Friday, May 9, 2008

Greetings from: morning and evening walks along the ghats

We use identity strategically. Travelers from the US and UK claim to be Australian, because Australians are seen as having less money. If I want to ignore the boat touts and flower wallahs that swarm along the ghats, I can pretend not to understand them, even as they call out, “Hello Japan! Konichiwa!” If they press further -- “You from Korea? China?” -- I can say that I’m from Vietnam and that flusters many of them. How many tourists from Vietnam do you see on a daily basis? Sometimes, I can play the inscrutable Asian too well, however; when I passed a Western tourist, I nodded to my fellow traveler, and he said, “Konichiwa.”

But the touts can be persistent. One followed me for what seemed like twenty minutes, trying to convince me to go to a silk shop, to follow him. This, even after I had claimed to be from Vietnam and feigned ignorance of English. He pursued me to the Harishchandra Ghat, the lesser burning ghat, where he said that I should give him a donation to help pay for the wood. “It costs 4000 Rs. to burn a body. Understand.” He kept repeating this: understand. It wasn’t a question -- do you understand me? -- but a command given in desperation -- you must understand me.

Old women swept the steps with straw brooms, fighting against the tide of dirt and goat droppings. People laid out their laundry on the steps; the ghats became blocks of color from bed sheets, saris, school uniforms. The Indians are particularly hard on their laundry: they twisted their washing, raising it over their heads, and slammed it down onto stones set up on the edge of the river. It seemed as if they were clubbing their clothes into cleanliness. The air echoed the smacks of their exertion.

I sat in the shade of the towers of the Man Mandir Ghat, in full view of a cow which let forth a torrent of piss. One man carried his elderly mother in his arms up the stairs; I imagine she had just finished her morning bath. The very picture of filial devotion.
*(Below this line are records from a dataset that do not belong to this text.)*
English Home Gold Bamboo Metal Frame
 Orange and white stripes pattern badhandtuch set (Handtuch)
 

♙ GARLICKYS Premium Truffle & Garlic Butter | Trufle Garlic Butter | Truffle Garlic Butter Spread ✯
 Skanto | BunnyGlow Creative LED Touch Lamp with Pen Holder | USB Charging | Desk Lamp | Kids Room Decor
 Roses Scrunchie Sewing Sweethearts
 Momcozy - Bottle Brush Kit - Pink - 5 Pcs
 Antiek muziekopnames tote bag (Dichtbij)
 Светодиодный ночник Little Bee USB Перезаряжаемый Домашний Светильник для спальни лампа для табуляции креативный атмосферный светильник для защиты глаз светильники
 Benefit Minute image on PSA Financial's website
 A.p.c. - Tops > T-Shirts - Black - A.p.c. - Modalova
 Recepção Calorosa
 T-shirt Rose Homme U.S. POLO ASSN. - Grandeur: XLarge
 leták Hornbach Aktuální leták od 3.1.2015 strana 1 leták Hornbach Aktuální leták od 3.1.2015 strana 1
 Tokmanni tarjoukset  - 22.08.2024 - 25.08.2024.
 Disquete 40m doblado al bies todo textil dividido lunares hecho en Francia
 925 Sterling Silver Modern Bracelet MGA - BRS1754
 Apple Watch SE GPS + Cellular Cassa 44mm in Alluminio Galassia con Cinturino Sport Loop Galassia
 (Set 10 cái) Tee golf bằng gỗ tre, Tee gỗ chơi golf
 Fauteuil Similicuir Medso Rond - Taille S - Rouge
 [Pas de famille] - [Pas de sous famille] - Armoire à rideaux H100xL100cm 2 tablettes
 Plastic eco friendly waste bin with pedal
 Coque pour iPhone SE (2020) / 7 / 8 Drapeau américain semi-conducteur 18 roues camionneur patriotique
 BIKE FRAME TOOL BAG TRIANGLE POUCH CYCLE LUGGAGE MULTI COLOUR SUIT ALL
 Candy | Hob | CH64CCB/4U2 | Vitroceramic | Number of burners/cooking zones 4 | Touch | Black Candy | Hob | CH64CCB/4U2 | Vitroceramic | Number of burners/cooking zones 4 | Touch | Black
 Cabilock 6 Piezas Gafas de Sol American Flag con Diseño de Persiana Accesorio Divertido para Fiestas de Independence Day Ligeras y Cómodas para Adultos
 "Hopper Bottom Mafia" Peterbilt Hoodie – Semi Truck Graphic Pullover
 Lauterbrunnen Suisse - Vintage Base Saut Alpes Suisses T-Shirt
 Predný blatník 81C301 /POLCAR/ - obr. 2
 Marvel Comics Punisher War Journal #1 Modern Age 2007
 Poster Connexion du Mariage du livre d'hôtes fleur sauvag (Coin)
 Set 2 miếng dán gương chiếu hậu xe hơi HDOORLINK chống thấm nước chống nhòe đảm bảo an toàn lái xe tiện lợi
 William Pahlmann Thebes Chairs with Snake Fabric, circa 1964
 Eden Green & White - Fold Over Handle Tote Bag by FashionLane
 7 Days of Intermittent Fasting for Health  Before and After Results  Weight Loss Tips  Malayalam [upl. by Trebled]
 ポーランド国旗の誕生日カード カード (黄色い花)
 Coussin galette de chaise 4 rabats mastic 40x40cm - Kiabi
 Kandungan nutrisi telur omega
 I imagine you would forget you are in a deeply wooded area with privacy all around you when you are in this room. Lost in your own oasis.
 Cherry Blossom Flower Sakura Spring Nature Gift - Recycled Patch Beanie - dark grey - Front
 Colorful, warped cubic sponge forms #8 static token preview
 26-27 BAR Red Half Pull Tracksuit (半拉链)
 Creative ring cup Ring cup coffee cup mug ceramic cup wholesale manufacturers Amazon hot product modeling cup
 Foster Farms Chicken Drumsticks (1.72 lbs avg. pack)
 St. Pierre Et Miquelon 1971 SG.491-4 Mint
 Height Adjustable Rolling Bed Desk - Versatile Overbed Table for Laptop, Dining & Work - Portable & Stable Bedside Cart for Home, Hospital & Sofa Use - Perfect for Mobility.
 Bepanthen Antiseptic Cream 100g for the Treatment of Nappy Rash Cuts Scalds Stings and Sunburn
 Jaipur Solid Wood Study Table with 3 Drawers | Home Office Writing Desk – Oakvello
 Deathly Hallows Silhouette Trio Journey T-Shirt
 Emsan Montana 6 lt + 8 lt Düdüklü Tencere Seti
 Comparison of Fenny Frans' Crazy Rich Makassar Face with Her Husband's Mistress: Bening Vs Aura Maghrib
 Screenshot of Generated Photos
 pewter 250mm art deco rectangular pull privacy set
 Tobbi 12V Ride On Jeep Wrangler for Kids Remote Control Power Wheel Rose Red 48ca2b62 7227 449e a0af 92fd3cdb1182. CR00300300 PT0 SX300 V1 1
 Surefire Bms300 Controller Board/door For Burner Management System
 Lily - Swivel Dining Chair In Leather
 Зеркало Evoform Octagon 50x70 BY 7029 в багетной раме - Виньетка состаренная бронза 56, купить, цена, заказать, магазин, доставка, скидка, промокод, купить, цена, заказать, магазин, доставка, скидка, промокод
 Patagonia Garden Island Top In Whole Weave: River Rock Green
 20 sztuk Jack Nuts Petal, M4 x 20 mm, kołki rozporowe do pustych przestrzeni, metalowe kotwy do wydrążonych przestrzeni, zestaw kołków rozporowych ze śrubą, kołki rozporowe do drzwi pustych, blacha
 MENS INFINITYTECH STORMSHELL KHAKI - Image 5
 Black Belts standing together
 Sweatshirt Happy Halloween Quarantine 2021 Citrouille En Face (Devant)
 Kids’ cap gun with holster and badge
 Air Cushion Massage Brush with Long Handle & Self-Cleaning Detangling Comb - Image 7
And it was here that a man offered me a shave, and, failing to convince me of that, proceeded to give me a massage. “Good for the circulation,” he said. It wasn’t bad, by any means, but I suppose pestering me for money at the end was inevitable. “Indians pay me 100 Rs.,” he said, but I doubt that he goes up to random Indians and turns a handshake into a hand massage. In the end, he had to be happy with 65 Rs., which I suspect was already overly generous.

Then, in the evening, clouds. It seemed improbable, with the relentlessness of the sun at any other time. This time, I got a front-row seat to the ganga aarti ceremony, close enough so that I got chastised for having my shoes on and splashed from behind with Ganga water from a woman performing a puja. There seemed to be a political VIP this evening; he sat on a raised platform, ringed with flowers. A group of men raised their hands and cheered when he spoke, their voices competing with the boat touts. I was made to step aside as he came down the steps and onto a special two-tiered boat to watch the ceremony. I saw the preparations, which had escaped me from the boat ride before: devotees lit the line of small candles in terra cotta bowls lining the ghat. The orange-robed priests performed the ceremony dutifully, turning to face each of the cardinal directions, while behind them, some bored-looking girls in bright saris waved brushes, mirroring the priests‘ gestures. And the noise: on my side, a man with a drum; on the other, a man with a hand gong. Fire, sound, and movement -- and yet it didn’t make more sense to me this time than it had before. People came off the boats, carrying water bottles and jugs that they had filled with Ganga water. Sediment had settled in the nooks and crannies of the bottles. For a moment, I envied their connection to the divine. Was this what all the Western hippies -- and there were quite a few of them on the ghats -- had come in search of? Or is this a particular cultural experience, knowing when to raise your hands, knowing when to clap, knowing the words to the ritual? Or is it personal? -- one woman seemed on the verge of tears as she lay out prostrate on the ground. Perhaps it was all of these, and more. It was also commercial: a collection plate was passed around, and a man selling DVDs of the ceremony made his way through the crowd.